So, 38% more vacant nights per unit.



			
				BocaBum99 said:
			
		

> What this analysis of the data demonstrates is that WorldMark owners are showing a stronger desire to go to coastal resorts. So, it should follow that more units should be built in coastal areas.
> 
> Fred's attitude is a good one. But, he is clearly settling for what is available rather than going where he would normally choose to go all things being equal.



I agree.  Here are the top 20 LEAST vacant:

 1. Monterey Bay 
 2. Pismo Beach 
 3. Dolphin's Cove 
 4. San Francisco 
 5. Palm Springs 
 6. Depoe Bay 
 7. Schooner Landing 
 8. Rosarito 
 9. Las Vegas 
10. The Canadian 
11. McCall 
12. Orlando 
13. Gleneden 
14. Ocean Shores 
15. Oceanside Harbor 
16. South Shore 
17. Las Vegas Spencer St. 
18. Maui-Valley Isle 
19. Kona 
20. Maui-Kihei 

The vacant nights/unit range from 0.9 for Monterey (only 33 units) to just 15.5 for Maui.  

That's pretty good and far better than Galena that has 55 units and a whopping 236 vacant nights/unit.  That means that each unit sits empty for a total of almost 8 months per year.

In my opinion, TW should concentrate on building locations similar to the top 20 least vacant as that's where the demand seems to be.

___________________
WorldMark Owners' Community -      
	

	
	
		
		

		
		
	


	




      - www.wmowners.com


----------



## RichM

roadsister said:
			
		

> You bring up a good point about one of the resorts, Angels Camp.....I could not figure out why they were expanding it so soon as you could almost always get bonus time there WITHOUT the extra buildings...now with those extra units it's very easy to stay there anytime of the year....Angels Camp is BELOW the snow line.



That makes no sense.  Why add more units when (in 2004) there were 149 vacant nights with the existing 200 units?

There's a vacant lot behind the Oceanside resort - I'd rather see them buy up that lot and add more units there.

We've got a fabulous new(er) resort in Vegas and an older one and both are under a 4% vacancy rate.  Perhaps we don't even have ENOUGH units there yet?  

Why add more units to one of the top 10 most vacant resorts? That's ridiculous.
___________________
WorldMark Owners' Community -      
	

	
	
		
		

		
		
	


	




      - www.wmowners.com


----------



## ladycody

> I purchased in Colorado, but I did not purchase Colorado credits. The fact that I purchased in Colorado does not guarantee me a winter week at Steamboat Springs during the height of ski season. The WorldMark credits I purchased give me the right to book any resort in the WorldMark system, at any time, subject to availability. Every other owner, regardless of where they live or where they purchased, has that same right. It’s a major feature of the system, a major selling point of the system. Whether it is a 1-1/2 hour drive to Estes Park or a 3-1/2 hour flight to Orlando is irrelevant. All WorldMark owners have an equal right to book any of the WorldMark resorts.

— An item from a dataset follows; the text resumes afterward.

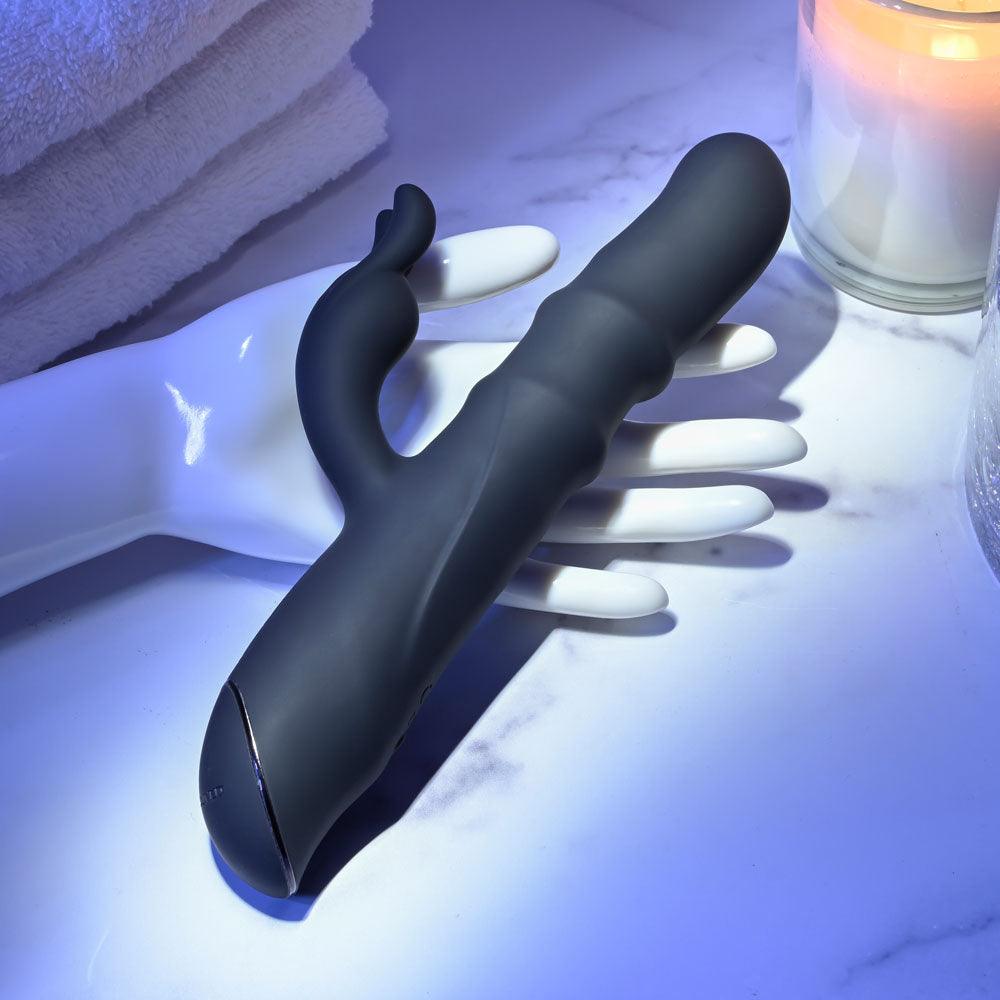 Evolved RINGMASTER - Black 23.1 cm USB Rechargeable Rabbit Vibrator - EN-RS-3014-2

I understand all that but it doesnt negate the fact that _you _ are more likely to utilize the Colorado resorts (for bonus time or IS if nothing else) than _I _ would be(living in oregon).  So having you as an owner and having you near those resorts will help keep those units occupied in the event of low occupancy periods...which at least helps defray a bit of the expense of having them there.  What happens when the midwest has low occupancy...they sit empty because the owner base is on the coast for those resorts too.  That's all I'm saying.


----------



## BocaBum99

ladycody said:
			
		

> I understand all that but it doesnt negate the fact that _you _ are more likely to utilize the Colorado resorts (for bonus time or IS if nothing else) than _I _ would be(living in oregon).  So having you as an owner and having you near those resorts will help keep those units occupied in the event of low occupancy periods...which at least helps defray a bit of the expense of having them there.  What happens when the midwest has low occupancy...they sit empty because the owner base is on the coast for those resorts too.  That's all I'm saying.



I think these are some good insights.  So Trendwest needs to get busy selling those Galena units to those midwestern customers.


----------



## cotraveller

ladycody said:
			
		

> I understand all that but it doesnt negate the fact that _you _ are more likely to utilize the Colorado resorts (for bonus time or IS if nothing else) than _I _ would be(living in oregon).  So having you as an owner and having you near those resorts will help keep those units occupied in the event of low occupancy periods....



Another assumption that leads to the wrong conclusion.  The Steamboat Springs resort, the only Colorado resort at the time we became owners, was a non-factor in our decision to purchase.  The Colorado mountains are not a destination for us, they are our back yard.  A day trip or a visit to friends, yes, but we seldom go to a Colorado resort or hotel. We've spent many more nights at resorts outside of Colorado than we have in state.  We save the Colorado resorts for the out of state visitors who help keep our state green  .


----------



## PA-

cotraveller said:
			
		

> While the Trendwest expansion plans will not fit the mold that all would postulate as a better way, there is no arguing with their success.  From a start of 2 units in 1989 they have built a system which now comprises over 4400 units in around 60 locations supported by a base of 231,000+ owners.  The resorts are consistently highly rated, overall occupancy rates are consistently high, and maintenance fees are consistently among the lowest in the industry.
> ....



If sales numbers is the measure of success, does that mean Fairfield is a better system than Worldmark?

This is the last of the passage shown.